Thanks Brett. The range of studies to which you refer nicely illustrate the "fraught issue of how ownership concentration is most appropriately measured" (to which I referred in the post), and the practical challenges this can raise in the comparative context. As you note, I do think the evidence indicates that Canadian policymakers didn't fully grasp the nature of Canadian shareholdings during the period of greatest reform activity (the 1960s-1970s). And I think the explanation for the differing sets of figures is likely along the lines you suggest, as the Daniels and MacIntosh article cited on p. 237 tends to indicate.

Posted by: Christopher Bruner | May 14, 2014 3:14:03 PM

Chris,

Thanks for that, and your many strong responses.

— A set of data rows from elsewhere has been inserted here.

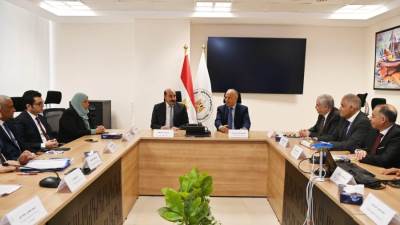 سويلم: عدم السماح بإقامة أعمال تؤثر على سلامة الجسور او تهديد الأراضي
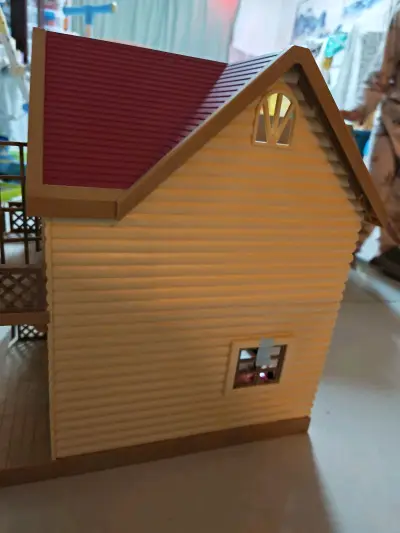 卖家打包的特别好，屋子很新，很满意！还送了很多家具之类的，性价比很高啊。。很喜欢这样的屋子，希望以后还能买到心头好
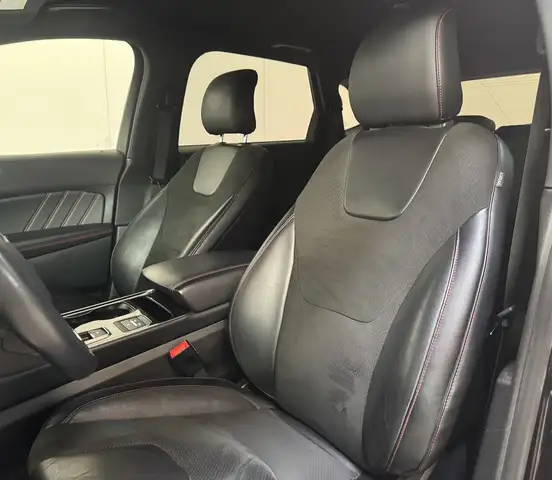 Ford Edge view 18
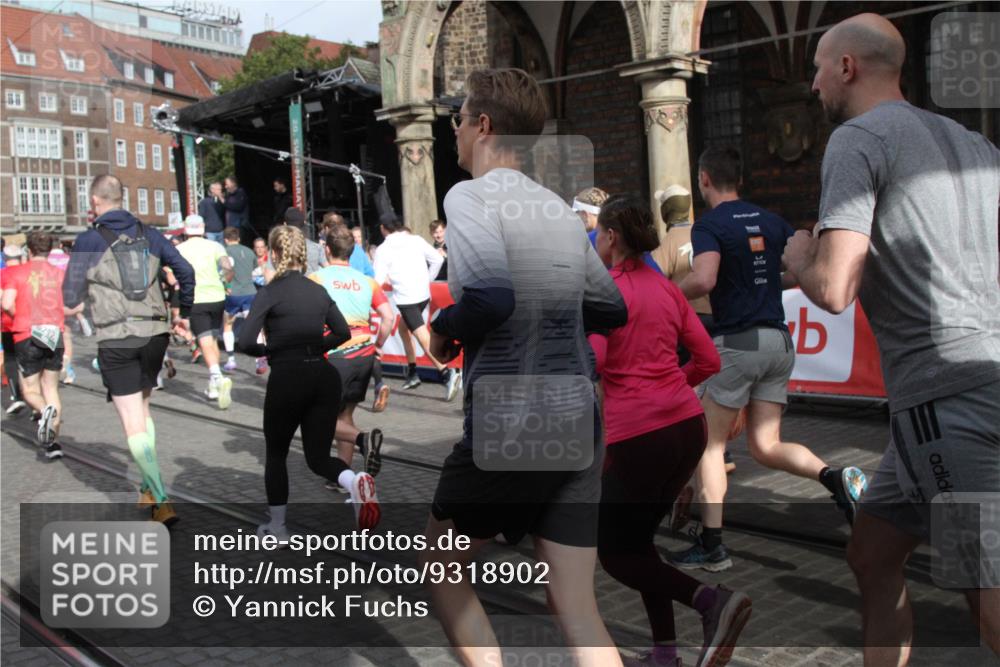 05.10.2025 - 20. swb-Marathon Bremen Yannick Fuchs http://msf.ph/oto/9318902 05.10.2025 11:32:35 Ziel  meine-sportfotos.de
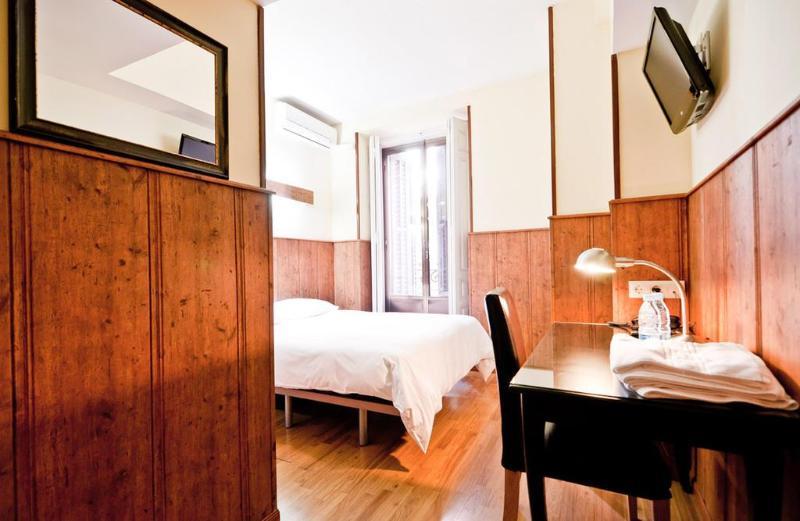 Hostal Asuncion Madrid Exterior photo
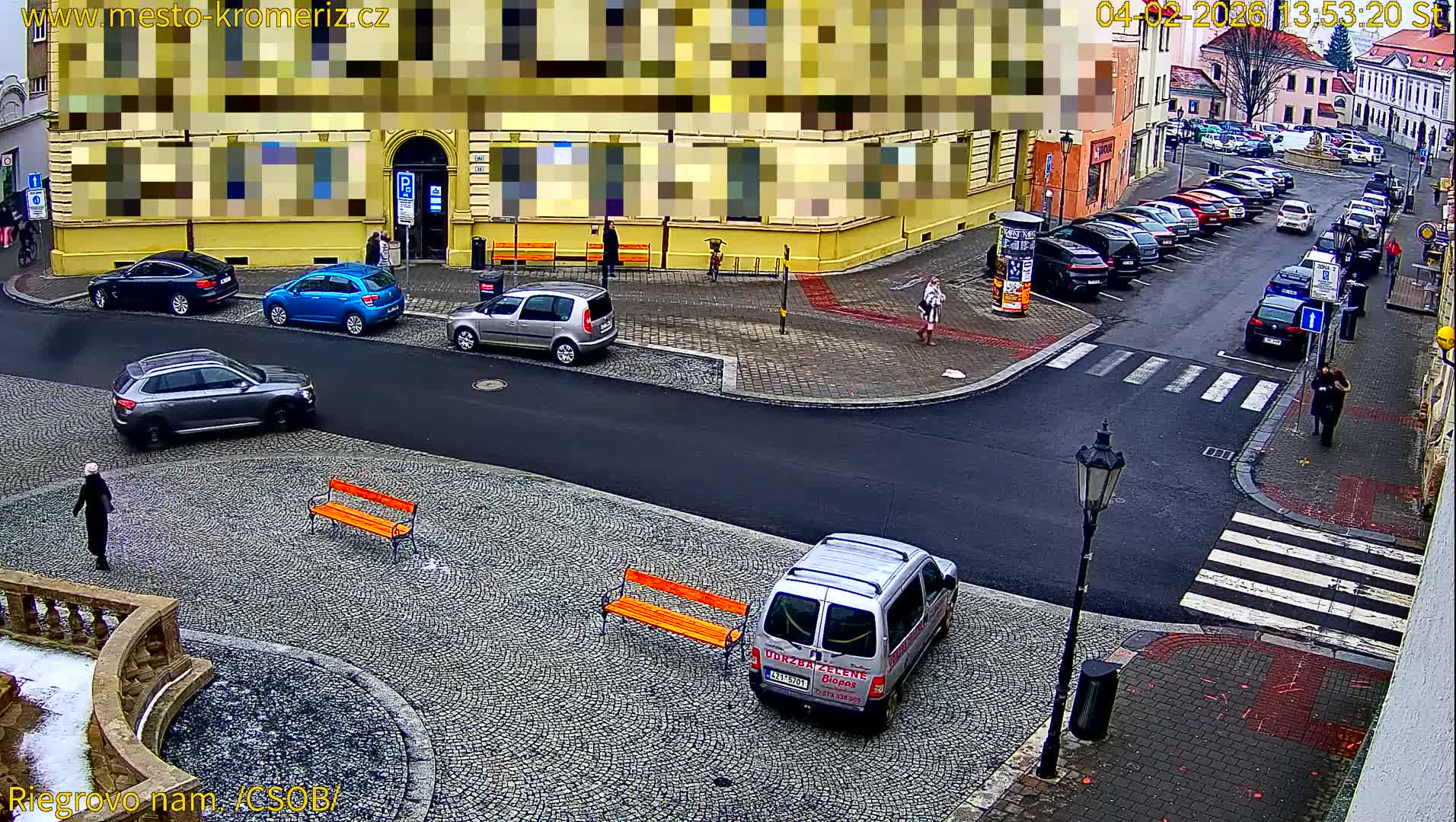 Kroměříž , Riegrovo Street CSOB Junction Live Cam - Kromeriz, Zlin, Czechia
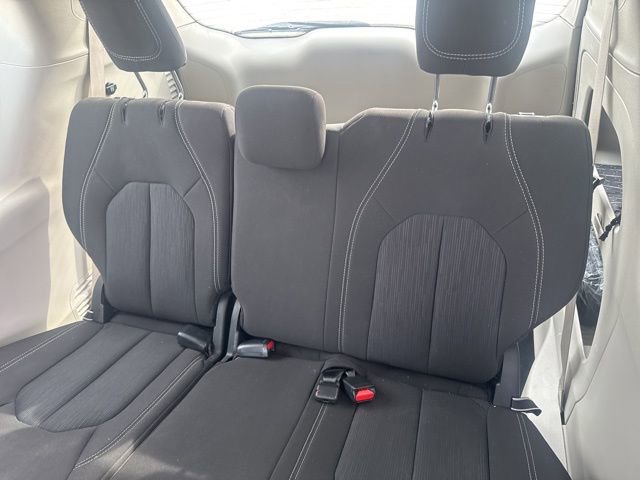 Used 2024 Chrysler Voyager LX image 21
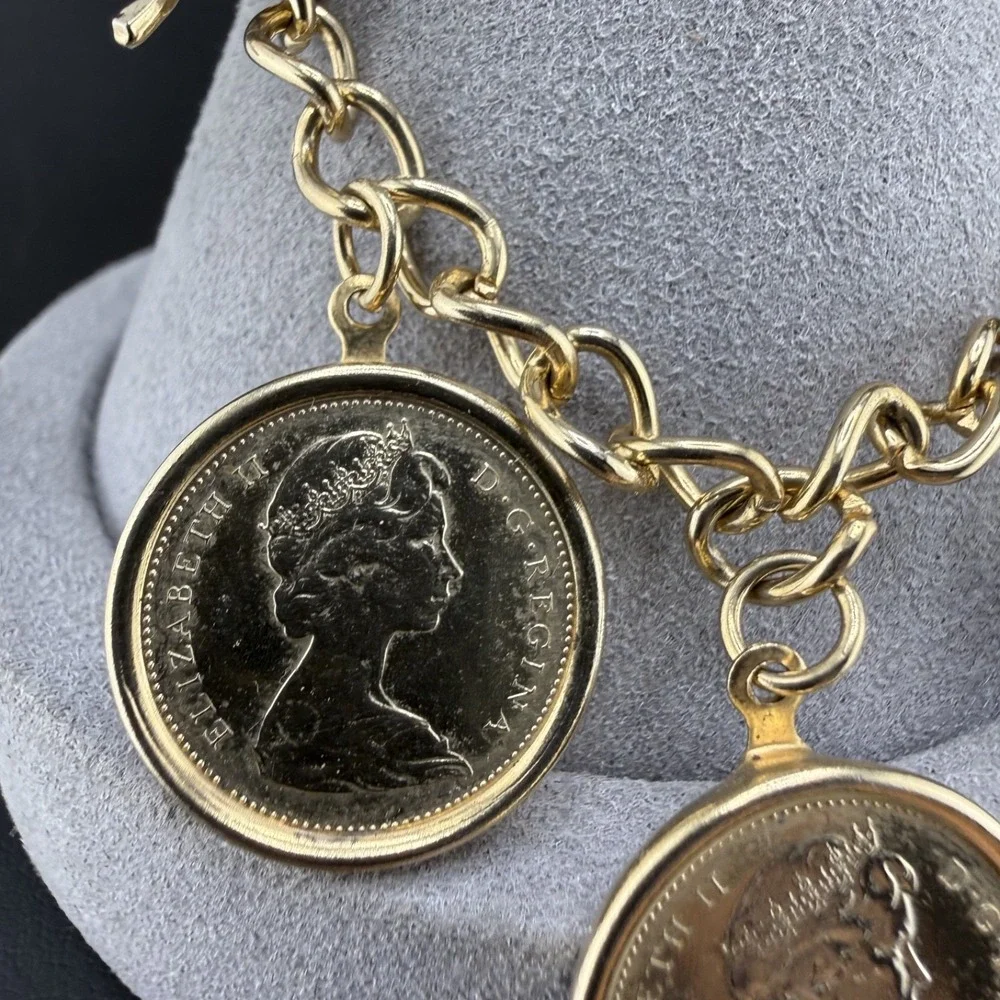 Vintage Canada Charm Bracelet Gold Tone Niagara Falls Coin 6.5”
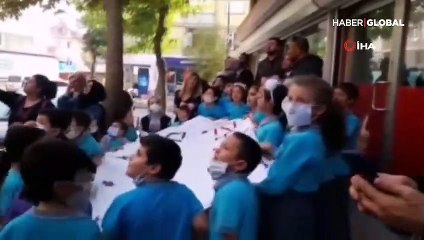 Lösemi hastası küçük kıza arkadaşlarının yaptığı sürpriz herkesi ağlattı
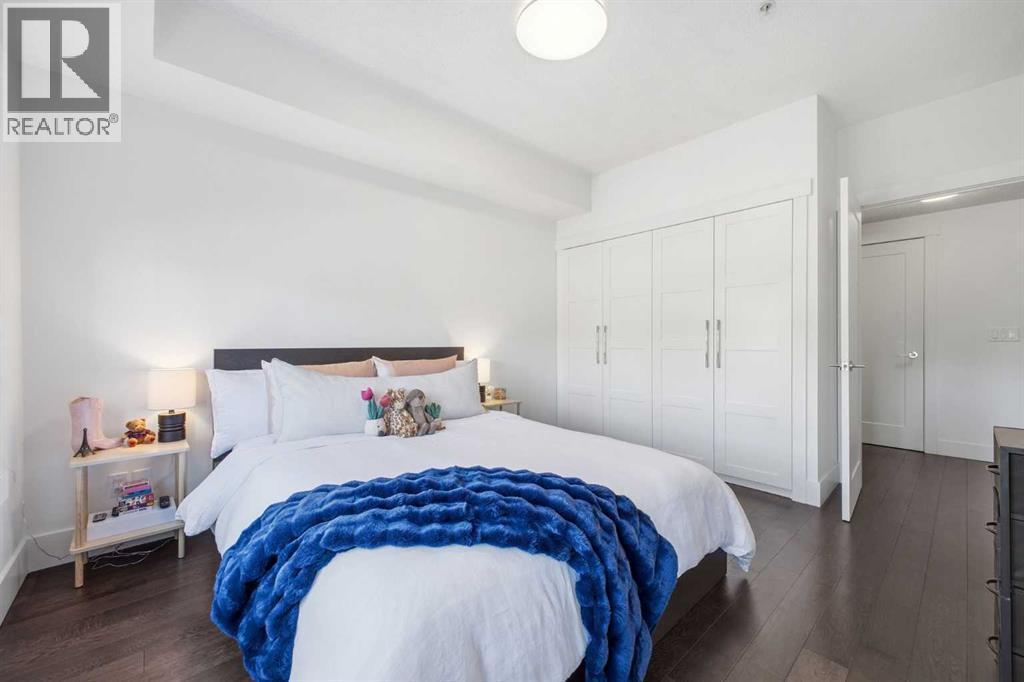 Single Family House for Sale in    Avenue SW Lower Mount Royal Calgary 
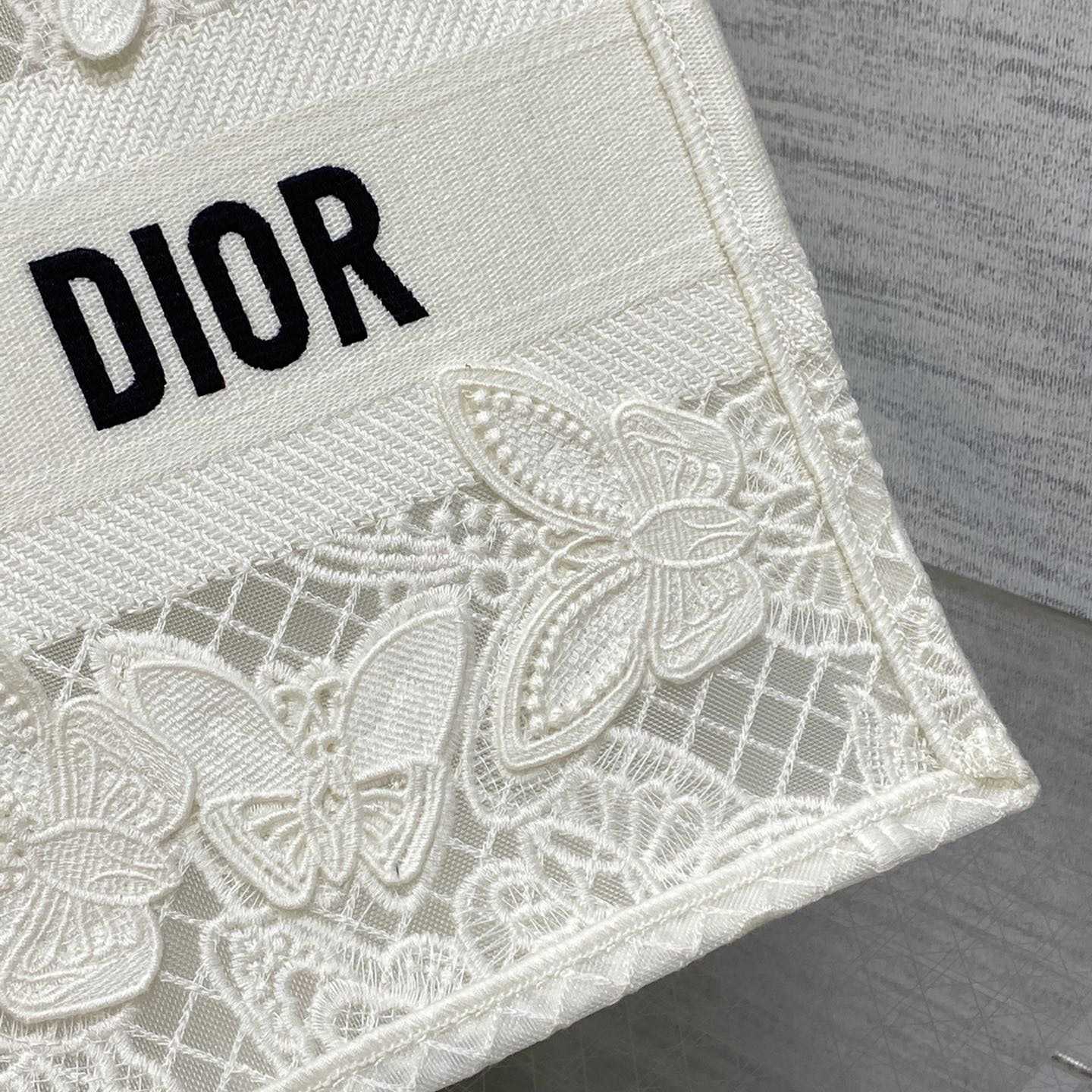 Dior Medium Dior Book Tote - PerfectKickZ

I think some of my confusion on the applicability of your theory to Australia and Canada, especially the latter, depends on some tension between different measures of shareholder dispersion you use in the discussion in your book. If Canada is only somewhat less dispersed than the U.S., then your response make great sense, and that is indeed what the figures you quote from Gourevitch and Shinn (which you also give in the book) suggest. However, in the book you also cite a study from Daniels and MacIntosh which found just 14 percent of Canadian public companies were widely held, while 60.3 percent had a single shareholder with legal control. That's very different, and it kind of threw me for a loop as I was reading. In your book, you seem to suggest that the Canadians simply didn't understand at all the nature of shareholding in their country (p. 238), which may be right, but seems pretty weird. Also, those different sets of figures on concentration in Canada seem hard to square with each other. Are the companies included in the two sets of statistics quite different? Is it that there are just a few dispersed companies in Canada, but they are much, much bigger than the rest, and so they dominate the G & S measure (based on market cap) but not the D & M measure (based on counting by company)? If so, does it make sense that just a few highly atypical companies so dominated the shaping of Canadian corporate law that it put the country into a wholly different model of law than one would otherwise expect? Maybe so, but as I say, pretty weird. Then again, weird stuff happens all the time, in law as in life.